Today we’re talking about a very exciting and sexy topic: contract policies! I know, you’re probably not jumping out of your skin with excitement, but hear me out. This is super important, and you never know when it might benefit you or your client in some way.
Example 1: You are halfway through a project when you come down with the flu. You are bedridden for days, and the client demands their money back. What do you do?
Example 2: You haven’t started the project yet, but the client has a family emergency and needs the money back. What do you do?
These are just a few examples of why policies are so important for session musicians (or any freelancer, really), so let’s get into a few important policies you need as a session musician!
Session Musician Policies
If you work through a professional studio or organization, there are likely company policies that handle a lot of these. If you’re a solo session musician, however, I highly recommend you have these! I will tell you my own policies just in case you’re not sure what you need, but it’s important to tailor these to your own business eventually. What worked for me may not work for you or your clients.
1). Cancellation Policy
This is for both you and your client. What happens if you or they need to cancel? How much time or notice do you need to have? Will any of their payment be refunded? I start working on projects pretty quickly, so I let clients know that if they need to cancel and I’ve already started, part of their payment will not be refunded. Time is money, right?
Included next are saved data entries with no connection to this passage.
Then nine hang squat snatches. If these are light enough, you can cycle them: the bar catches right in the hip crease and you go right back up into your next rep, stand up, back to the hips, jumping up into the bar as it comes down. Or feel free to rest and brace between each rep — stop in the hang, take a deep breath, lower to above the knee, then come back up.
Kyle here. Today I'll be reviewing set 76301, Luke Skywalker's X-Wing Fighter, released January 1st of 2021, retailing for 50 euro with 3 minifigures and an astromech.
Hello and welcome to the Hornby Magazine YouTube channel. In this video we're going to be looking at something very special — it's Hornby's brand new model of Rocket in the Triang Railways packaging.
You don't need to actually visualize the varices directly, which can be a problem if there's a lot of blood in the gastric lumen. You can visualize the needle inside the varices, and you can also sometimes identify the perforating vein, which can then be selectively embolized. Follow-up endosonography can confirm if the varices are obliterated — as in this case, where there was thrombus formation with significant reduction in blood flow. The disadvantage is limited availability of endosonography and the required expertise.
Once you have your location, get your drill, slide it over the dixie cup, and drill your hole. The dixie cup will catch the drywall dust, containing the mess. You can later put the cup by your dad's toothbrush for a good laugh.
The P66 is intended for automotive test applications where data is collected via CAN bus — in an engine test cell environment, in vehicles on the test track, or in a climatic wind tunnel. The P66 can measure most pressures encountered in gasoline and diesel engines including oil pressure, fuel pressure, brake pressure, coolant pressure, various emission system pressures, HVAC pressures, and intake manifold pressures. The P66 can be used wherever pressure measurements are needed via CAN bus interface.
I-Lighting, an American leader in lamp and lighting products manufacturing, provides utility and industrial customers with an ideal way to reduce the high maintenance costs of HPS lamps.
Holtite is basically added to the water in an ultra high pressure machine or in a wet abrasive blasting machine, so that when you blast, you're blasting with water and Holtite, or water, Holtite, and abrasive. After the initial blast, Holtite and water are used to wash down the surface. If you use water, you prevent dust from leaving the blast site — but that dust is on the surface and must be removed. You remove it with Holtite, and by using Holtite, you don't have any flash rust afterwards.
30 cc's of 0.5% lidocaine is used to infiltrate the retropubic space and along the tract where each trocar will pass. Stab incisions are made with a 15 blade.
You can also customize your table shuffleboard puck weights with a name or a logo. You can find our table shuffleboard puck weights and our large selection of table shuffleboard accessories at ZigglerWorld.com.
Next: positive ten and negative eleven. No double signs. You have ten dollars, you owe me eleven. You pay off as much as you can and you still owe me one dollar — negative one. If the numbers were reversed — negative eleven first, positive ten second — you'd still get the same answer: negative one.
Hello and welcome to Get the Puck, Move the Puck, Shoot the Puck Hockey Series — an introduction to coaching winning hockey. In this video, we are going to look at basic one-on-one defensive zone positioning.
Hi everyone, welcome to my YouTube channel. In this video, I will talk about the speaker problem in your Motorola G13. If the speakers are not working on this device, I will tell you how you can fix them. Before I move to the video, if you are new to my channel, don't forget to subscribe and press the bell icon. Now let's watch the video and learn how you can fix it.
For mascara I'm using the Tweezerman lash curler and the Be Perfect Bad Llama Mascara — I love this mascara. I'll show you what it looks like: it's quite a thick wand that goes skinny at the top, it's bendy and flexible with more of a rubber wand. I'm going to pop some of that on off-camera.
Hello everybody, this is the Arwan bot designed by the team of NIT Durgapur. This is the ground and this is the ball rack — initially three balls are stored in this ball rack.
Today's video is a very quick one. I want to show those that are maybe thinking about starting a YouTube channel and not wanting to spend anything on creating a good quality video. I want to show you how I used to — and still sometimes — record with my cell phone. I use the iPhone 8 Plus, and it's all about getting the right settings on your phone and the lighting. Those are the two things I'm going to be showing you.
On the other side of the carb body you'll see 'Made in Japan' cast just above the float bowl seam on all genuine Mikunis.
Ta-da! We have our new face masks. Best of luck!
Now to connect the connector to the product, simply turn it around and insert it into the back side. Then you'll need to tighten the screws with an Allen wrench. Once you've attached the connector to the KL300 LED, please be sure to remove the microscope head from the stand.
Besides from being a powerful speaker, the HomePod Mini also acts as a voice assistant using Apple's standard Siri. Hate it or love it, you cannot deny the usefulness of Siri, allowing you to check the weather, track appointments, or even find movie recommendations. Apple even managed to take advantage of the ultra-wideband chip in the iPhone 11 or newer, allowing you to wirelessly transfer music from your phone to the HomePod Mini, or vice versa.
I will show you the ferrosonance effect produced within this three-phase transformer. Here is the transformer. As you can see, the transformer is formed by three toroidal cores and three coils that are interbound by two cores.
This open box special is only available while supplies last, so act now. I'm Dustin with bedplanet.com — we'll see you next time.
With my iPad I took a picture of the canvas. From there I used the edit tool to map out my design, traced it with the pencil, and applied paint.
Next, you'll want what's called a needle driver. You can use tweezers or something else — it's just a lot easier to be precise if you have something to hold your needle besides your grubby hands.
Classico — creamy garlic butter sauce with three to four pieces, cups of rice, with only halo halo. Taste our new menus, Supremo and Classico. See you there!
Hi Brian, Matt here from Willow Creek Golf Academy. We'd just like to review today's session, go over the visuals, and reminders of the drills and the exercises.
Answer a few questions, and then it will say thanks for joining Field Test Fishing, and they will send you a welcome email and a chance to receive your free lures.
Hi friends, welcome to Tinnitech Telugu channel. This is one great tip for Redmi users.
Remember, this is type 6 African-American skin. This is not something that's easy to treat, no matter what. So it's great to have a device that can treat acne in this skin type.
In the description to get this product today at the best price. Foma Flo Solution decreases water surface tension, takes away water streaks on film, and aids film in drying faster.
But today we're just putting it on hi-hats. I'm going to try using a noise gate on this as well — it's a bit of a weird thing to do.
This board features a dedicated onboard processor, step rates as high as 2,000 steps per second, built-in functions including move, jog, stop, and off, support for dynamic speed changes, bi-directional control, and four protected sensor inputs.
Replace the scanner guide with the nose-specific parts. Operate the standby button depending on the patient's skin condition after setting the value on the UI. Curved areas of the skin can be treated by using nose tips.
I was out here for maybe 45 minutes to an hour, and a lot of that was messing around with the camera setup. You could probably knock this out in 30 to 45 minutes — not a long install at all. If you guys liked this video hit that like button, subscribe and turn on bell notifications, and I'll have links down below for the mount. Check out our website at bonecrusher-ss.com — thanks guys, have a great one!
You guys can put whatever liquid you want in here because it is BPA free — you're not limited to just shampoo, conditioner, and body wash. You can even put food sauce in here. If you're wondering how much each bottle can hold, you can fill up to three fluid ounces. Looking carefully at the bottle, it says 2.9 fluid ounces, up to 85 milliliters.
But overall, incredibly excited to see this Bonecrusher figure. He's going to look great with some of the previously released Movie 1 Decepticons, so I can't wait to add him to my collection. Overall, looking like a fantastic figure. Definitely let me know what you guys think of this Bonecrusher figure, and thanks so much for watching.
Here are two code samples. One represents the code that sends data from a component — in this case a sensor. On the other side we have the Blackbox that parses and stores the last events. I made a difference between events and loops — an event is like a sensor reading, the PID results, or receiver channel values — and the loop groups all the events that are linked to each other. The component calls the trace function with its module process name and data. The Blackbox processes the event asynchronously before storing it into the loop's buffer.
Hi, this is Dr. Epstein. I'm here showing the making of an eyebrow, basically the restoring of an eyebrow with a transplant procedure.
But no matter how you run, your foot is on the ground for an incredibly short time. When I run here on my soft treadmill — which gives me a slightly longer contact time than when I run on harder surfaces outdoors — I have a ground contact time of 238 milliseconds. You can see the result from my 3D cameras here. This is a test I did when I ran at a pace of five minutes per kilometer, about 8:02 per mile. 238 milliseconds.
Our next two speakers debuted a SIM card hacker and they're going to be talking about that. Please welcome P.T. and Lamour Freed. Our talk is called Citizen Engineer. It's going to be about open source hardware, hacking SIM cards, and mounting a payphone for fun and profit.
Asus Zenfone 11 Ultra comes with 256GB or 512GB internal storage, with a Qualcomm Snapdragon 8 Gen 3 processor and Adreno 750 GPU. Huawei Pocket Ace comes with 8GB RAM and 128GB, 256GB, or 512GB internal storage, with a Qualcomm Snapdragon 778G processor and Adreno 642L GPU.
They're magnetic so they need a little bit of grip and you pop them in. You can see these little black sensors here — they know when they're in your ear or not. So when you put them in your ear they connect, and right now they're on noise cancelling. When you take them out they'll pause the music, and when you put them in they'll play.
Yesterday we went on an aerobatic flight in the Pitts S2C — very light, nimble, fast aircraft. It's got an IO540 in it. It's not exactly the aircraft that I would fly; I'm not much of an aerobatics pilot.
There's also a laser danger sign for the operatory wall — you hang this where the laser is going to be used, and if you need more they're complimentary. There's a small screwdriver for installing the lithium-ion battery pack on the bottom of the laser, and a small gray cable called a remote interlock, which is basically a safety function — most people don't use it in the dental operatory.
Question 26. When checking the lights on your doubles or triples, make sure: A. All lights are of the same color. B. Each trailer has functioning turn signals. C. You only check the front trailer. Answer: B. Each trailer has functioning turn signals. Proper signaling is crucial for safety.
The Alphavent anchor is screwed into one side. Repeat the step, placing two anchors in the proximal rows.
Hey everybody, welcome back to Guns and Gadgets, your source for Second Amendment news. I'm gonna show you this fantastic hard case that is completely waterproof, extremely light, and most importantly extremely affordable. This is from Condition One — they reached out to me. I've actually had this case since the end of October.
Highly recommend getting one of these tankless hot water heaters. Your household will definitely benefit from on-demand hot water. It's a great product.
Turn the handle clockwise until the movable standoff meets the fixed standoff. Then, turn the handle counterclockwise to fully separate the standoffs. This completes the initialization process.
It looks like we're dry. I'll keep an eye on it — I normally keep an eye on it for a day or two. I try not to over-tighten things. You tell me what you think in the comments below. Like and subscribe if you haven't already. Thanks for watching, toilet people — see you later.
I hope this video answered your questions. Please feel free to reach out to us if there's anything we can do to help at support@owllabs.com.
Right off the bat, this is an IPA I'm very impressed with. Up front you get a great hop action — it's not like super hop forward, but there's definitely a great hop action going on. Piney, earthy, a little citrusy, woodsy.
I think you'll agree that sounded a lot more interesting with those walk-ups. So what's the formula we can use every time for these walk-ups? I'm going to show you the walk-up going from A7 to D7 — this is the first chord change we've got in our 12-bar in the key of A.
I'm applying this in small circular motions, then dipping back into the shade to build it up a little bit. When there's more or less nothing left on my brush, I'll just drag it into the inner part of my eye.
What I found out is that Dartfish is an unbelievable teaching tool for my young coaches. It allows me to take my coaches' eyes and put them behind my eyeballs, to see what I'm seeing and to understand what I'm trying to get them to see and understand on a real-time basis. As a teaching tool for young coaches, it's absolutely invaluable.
If they aren’t sure if they’ll need to cancel, I ask them to let me know up front so I know to wait a certain time before starting. If I haven’t started yet, I usually provide a full refund. There are MANY ways to work a Cancellation Policy and every creative freelancer tends to have a different opinion on it, so use what works for you!
2). Refund Policy
There are two reasons to offer a refund: 1). If the client cancels (see above), or 2). If the client is unsatisfied with your work. The latter is a bummer for sure, but it’s important to plan for things like this. Not everyone will be thrilled with what you do, and some people are just determined to be jerks. What I did was have a strong Edit/Revision Policy (see below), and if we still couldn’t reach an agreement, I would refund part of their payment. The only time I ever refunded a full payment was if they cancelled before I started. Your time is valuable so don’t feel like you shouldn’t get paid! If you’re worried about a client going ballistic and leaving you negative reviews, you’ll have your policies in place to ensure that the client knew up front what was happening.
You also have the option with a refund policy to not let the client use the work you’ve done. This can be difficult if you’ve already turned it over or if you recorded it at their studio, but it is an option. I very rarely had to give a refund so I don’t want to scare you into thinking it’s an everyday occurrence, but it’s an important policy to have in place!
3). Edit/Revision Policy
This is typically what will save you from having to give a refund. It’s up to you how many revisions you will provide, but I usually kept the cutoff at three. Some people only provide one. What you don’t want is someone who nitpicks the tiniest little things and is still contacting you months later to make changes. You should also have a timeframe where no further edits will be given without a fee. For example, they get X amount of edits before closing the project, but after X weeks, the project is closed and any additional edits will be a fee of $X.
4). Turnaround Time Policy
This ensures that the client will get a timely delivery, and that you get the amount of time needed to complete the project without being hounded about it. I can’t give a lot of advice here because it depends on your schedule, but the average is between 3 days to a week. If you don’t record yourself, you may have to add extra time to ensure that the studio can fit you into their schedule.
This is more for the clients, to assure them that you will not share any of their work without their permission. You can be more detailed here if you like. For example, I often share clients’ finished songs on my social media pages. They enjoy the extra publicity and it’s a great way to connect with others to show them what I’ve been working on. You can add this into your policy if you like. I would not ever share songs without the clients’ permission, so this would be a good way to broach that topic.
6). Work For Hire Release
Many clients ask for this up front, but it’s good to have one ready. There are generic templates here or you can use them as a guide to create your own.
Do I Need a Lawyer to Make or Review These?
It never hurts to have a pair of legal eyes on a document, but I don’t think you need one. Most clients accept policies as binding and if they don’t, you can get a lawyer at that point. Please keep in mind, though, that I am not a lawyer. I’m giving you advice that has helped me in my career in the hopes that it will help you. I am not giving you legal advice, so if you feel like you might need a lawyer, go for it.
Communication is so important as a session musician. So important, in fact, that I wrote a whole book on it. It’s geared toward songwriters, but it will help you understand what you need from them. If you want to check it out, it’s right here!
I am also currently giving private consultations for session musicians. We can talk about whatever you like, whether it’s policies, recording, or any other aspect of running a session business. Feel free to contact me about it here!
I hope this gives you a head start on your session musician policies! Just remember that these are designed to help both you and your clients, and they will make you seem much more professional.